WORK REQUIRED
Copy out the data from the line containing "ケアセンター朱咲４月「お花見ドライブ」.jpg" to its last line, exactly. No pictures.
+++ RECORDS
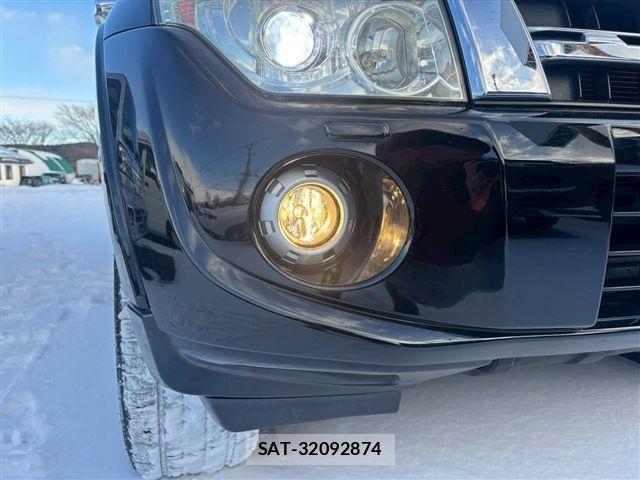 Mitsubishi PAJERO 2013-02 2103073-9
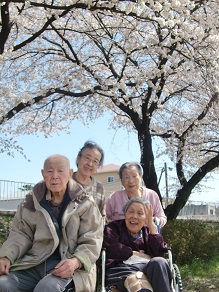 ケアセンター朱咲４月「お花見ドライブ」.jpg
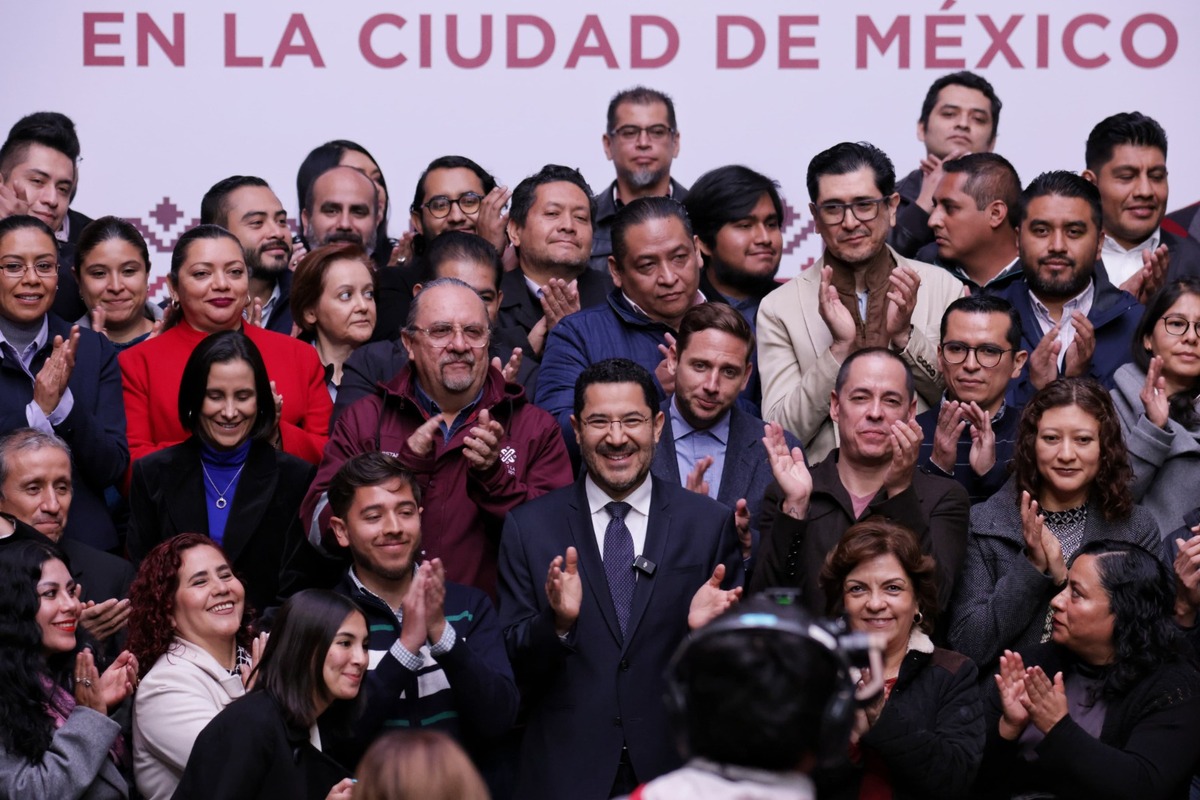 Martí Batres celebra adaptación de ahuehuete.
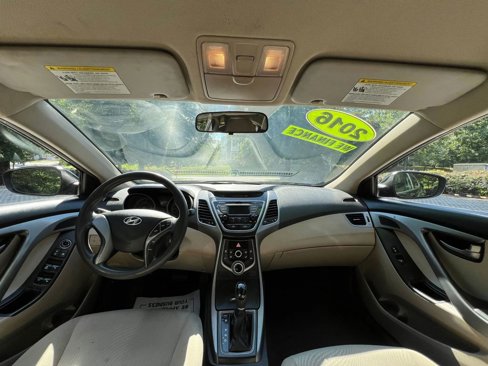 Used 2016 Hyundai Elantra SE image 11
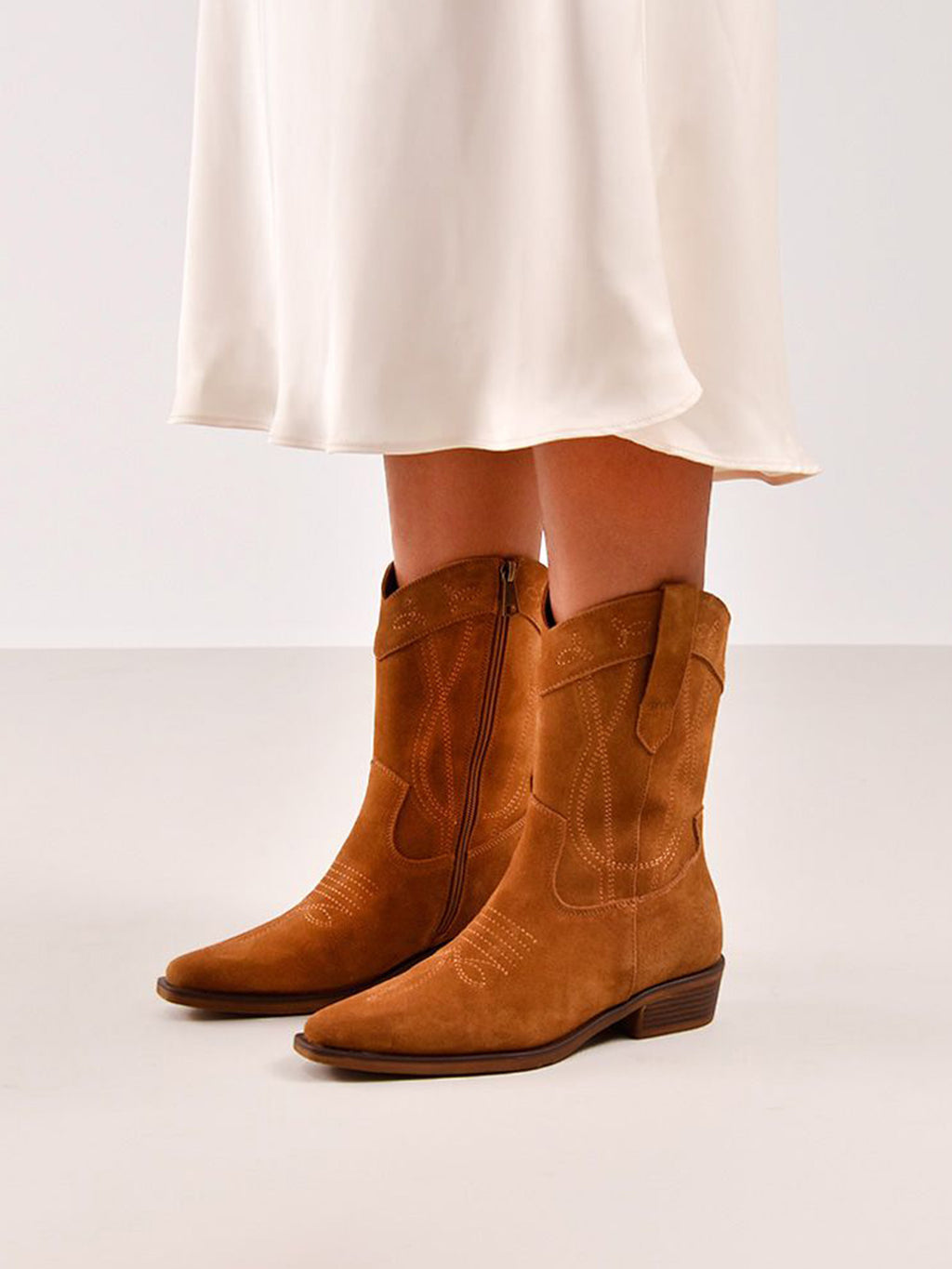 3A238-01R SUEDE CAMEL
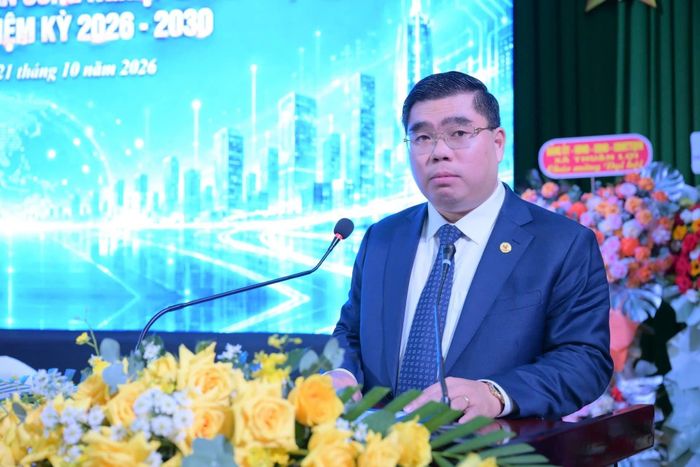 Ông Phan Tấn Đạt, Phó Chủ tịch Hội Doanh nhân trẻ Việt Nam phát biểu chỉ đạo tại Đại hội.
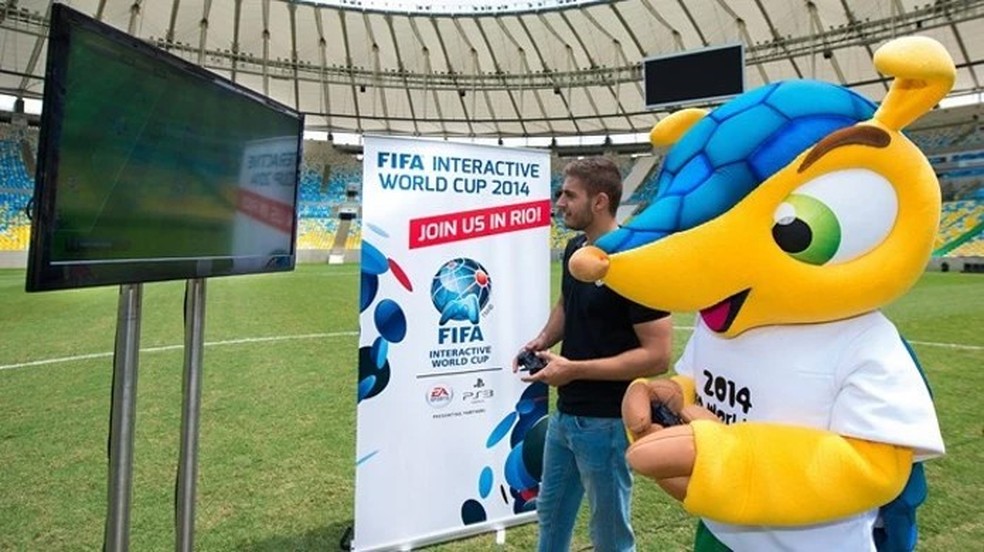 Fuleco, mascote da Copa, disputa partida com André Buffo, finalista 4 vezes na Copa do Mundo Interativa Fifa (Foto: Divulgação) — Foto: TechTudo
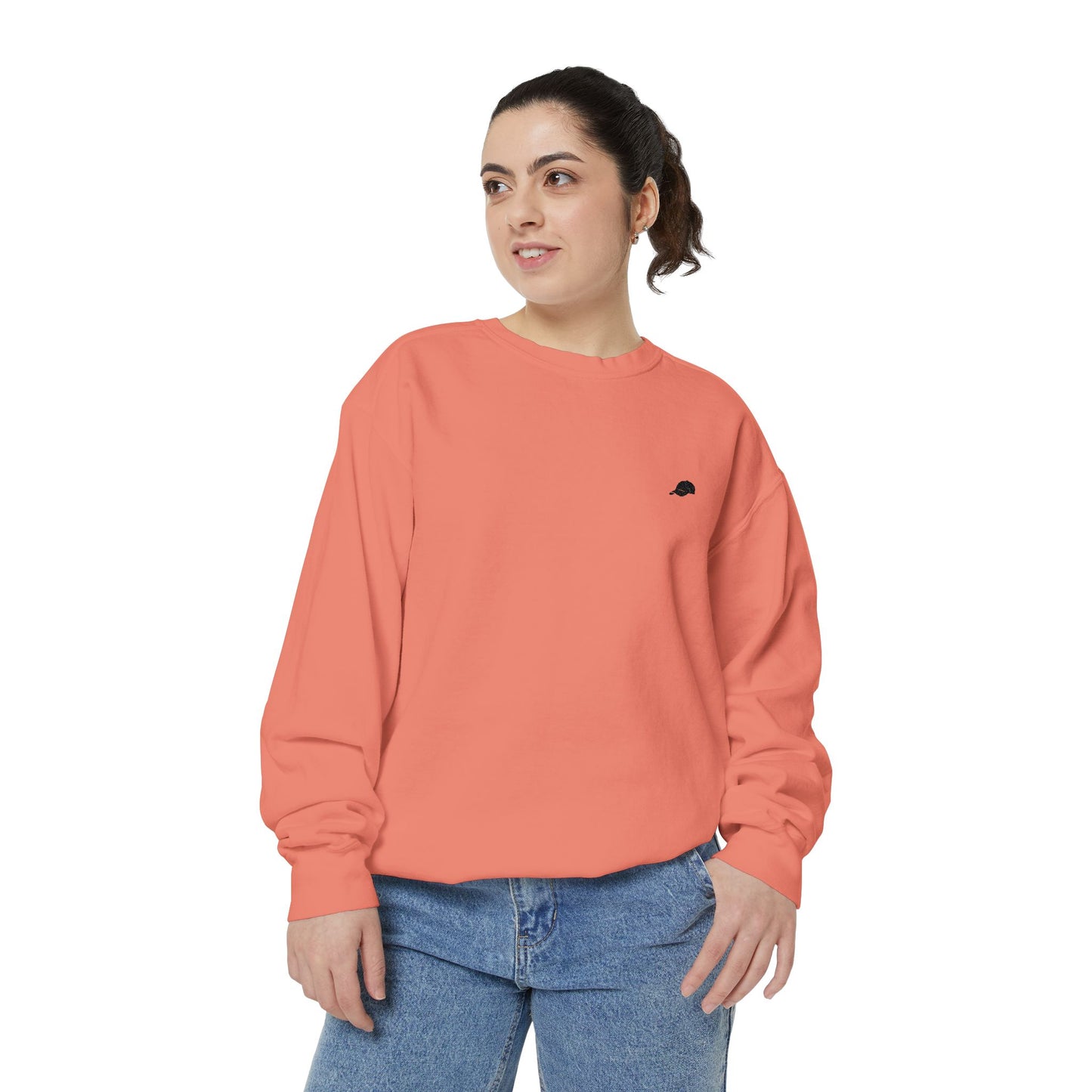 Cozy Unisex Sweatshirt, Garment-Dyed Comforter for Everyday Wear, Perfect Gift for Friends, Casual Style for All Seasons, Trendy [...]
++++++
PROBLEM SOLUTION
 ケアセンター朱咲４月「お花見ドライブ」.jpg
 Martí Batres celebra adaptación de ahuehuete.
 Used 2016 Hyundai Elantra SE image 11
 3A238-01R SUEDE CAMEL
 Ông Phan Tấn Đạt, Phó Chủ tịch Hội Doanh nhân trẻ Việt Nam phát biểu chỉ đạo tại Đại hội.
 Fuleco, mascote da Copa, disputa partida com André Buffo, finalista 4 vezes na Copa do Mundo Interativa Fifa (Foto: Divulgação) — Foto: TechTudo
 Cozy Unisex Sweatshirt, Garment-Dyed Comforter for Everyday Wear, Perfect Gift for Friends, Casual Style for All Seasons, Trendy [...]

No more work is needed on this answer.